We expect the somatic cells to excrete only a limited amount of DAP, it would thus be nice if our auxotroph strain could grow on limited amount of metabolite. Over night culture were diluted 100 time in LB suplemented with different amount of DAP.

DAP excretion by prototroph cells

We want to know if prototroph cells are excreting DAP and in what amount. Instead of doing proper chemical dosages which are expensive, we had the idea to make a biological measurments.

Prototroph MG1655 strain was grown in LB, and the medium was recovered at different stages of the culture and purified. The dapA deletant strain was then grown in the recovered medium. The idea is that comparing the growth curve of this experiment with growth curves of dapA deletant in differently supplemented LB medium, should alow us to determine approimatively the amount of DAP present in the recovered medium.


Survival of dapA deleted strain and Co-culture experiments

If we want our system to be robust, the germ line cells should be able to live as long as possible when deprived of DAP. They may indeed face such a feat within our system if their is not enough somatic cells at a given time.

Our dapA deleted strain was grown over night in LB + 300µM DAP. A culture was then launched diluting 100 time the ON culture in LB (+ Kanamycin). 100µL were plated each hour and the number of clone determined.

We also want to know if the soma of our synthetic organism will be able to feed the germ line. Unfortunatly, this cannot properly be done without the final construct. Nevertheless, we can already check if in similar situations, dapA deleted strain can survive.

Two different co-culture experiments were performed:

  • In the first one, the dapA deleted strain is grown with a prototroph strain. In this case, we know for sure that the prototroph cells will take the population over. Nervertheless it is interesting to see if dapA deleted strain survive longer in this condition than if alone and without DAP.

Paris DapASurvival.jpg (the experiment has only been done once, and would be repeating to confirm the results)

We can draw from this curves two important conclusions:

1. Most of the cells die within the first 2 hours of culture, but a small fraction of the cells are still alive after 8 hours. A part of the dapA deleted cells can thus survive for quite long, which is a good point for us.

2. When in coculture with a prototroph cell, around 100 time more cells have a long term survival. This means that the dapA deleted strain benefits a bit from the prototroph cell presence and its DAP production capacities.

  • In the second coculture experiment, the dapA deleted strain is grown with a strain bearing an auxotrophy to another metabolite. This experiment reproduces cross-feeding works done on the yeast by (look for the exact reference). In this coculture there is a mutual dependence of each strain for the other. If this works, then we know for sure that dapA deleted strain can be rescued by a strain producing DAP!
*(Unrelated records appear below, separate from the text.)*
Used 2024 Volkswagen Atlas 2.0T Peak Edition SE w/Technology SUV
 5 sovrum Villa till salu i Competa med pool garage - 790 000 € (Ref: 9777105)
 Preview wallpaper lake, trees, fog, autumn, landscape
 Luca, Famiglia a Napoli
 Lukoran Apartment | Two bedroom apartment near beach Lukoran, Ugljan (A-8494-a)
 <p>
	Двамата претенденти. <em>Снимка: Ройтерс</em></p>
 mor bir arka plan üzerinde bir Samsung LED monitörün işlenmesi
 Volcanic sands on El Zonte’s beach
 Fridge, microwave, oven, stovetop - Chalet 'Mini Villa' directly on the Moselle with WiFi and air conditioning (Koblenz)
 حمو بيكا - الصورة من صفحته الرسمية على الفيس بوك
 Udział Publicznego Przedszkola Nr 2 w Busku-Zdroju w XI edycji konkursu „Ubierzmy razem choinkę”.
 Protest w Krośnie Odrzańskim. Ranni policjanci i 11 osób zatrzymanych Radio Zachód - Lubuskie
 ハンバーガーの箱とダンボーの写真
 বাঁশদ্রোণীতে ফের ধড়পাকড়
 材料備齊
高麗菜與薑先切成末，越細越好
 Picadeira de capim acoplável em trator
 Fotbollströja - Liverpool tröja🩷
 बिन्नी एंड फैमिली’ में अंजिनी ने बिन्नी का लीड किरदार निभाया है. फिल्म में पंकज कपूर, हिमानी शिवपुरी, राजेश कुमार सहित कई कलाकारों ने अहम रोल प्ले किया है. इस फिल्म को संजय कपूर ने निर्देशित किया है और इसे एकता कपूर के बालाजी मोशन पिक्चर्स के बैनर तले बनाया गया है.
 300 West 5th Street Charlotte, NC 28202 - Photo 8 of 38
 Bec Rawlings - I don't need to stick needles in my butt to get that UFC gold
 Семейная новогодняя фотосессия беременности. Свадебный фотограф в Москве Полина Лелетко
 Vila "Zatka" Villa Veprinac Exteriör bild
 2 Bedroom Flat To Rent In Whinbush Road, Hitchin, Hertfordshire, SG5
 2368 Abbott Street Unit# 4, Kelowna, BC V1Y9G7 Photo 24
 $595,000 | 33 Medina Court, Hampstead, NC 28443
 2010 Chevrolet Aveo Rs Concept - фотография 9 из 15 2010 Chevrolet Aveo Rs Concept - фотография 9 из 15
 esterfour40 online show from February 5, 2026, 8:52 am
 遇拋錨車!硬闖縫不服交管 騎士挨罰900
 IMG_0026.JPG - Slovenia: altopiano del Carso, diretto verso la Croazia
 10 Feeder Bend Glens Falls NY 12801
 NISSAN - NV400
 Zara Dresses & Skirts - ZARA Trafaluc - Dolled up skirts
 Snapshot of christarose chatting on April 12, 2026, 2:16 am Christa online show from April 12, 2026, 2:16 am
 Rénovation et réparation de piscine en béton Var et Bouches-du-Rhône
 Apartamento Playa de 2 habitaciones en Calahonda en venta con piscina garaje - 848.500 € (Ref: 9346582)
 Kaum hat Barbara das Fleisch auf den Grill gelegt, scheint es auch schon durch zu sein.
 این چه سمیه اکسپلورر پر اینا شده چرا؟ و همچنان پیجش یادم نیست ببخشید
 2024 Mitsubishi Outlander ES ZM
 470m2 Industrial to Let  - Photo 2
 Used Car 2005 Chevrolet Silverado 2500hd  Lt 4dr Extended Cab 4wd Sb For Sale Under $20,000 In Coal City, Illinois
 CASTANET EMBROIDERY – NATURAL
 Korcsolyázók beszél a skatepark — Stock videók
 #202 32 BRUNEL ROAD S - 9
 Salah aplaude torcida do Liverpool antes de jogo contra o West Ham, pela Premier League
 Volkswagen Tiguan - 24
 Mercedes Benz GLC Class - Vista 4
Our dapA- strain was grown with a tryptophan operon deleted strain. The culture was plated to check the presence of both strains after 8H. They were both present in concentration above 5*10^4 CFU/Ml. This clearly means that DAP is a good choice as our auxotrophy metabolite !

Recombination frequency measurements

We discussed in the design process the question of the recombination frequency. We would like to have a tunable recombination frequency in order to find the optimal one, which should be somewhere between 0 and 50% of recombination per generation.

We should be able to tune the recombination frequency by modulating the Cre recombinase expression. In order to do this, we put the Cre under the control of the pBAD promoter. We then wanted to characterize our "Cre generator device", and to make the relation between the expression level and the recombination frequency.

To do this, we used a strain (FX85, provided by Francois-Xavier Barre) having the construction lox-KmR-lox inserted into its chromosome. We first though of transforming this strain with our pBad-Cre construct (on an Ampiciline resistance plasmid), then inducing the expression with different level of arabinose, and finally spreading on selective plates (Amp or Amp+Kan). The ratio between the number of clones on the two types of plates should give us the recombination frequency. When we tried to do this, we did not get any clones on the Amp+Kan plates, even without Cre induction. But this doesn't mean that the recombination frequency is 100%. Indeed, if the recombination frequency is around 50% per generation or higher, no colonies can grow on kan plates, simply because half or more of the cells will die at each generation (those who recombine are not resistant to Kanamycin any more after little time).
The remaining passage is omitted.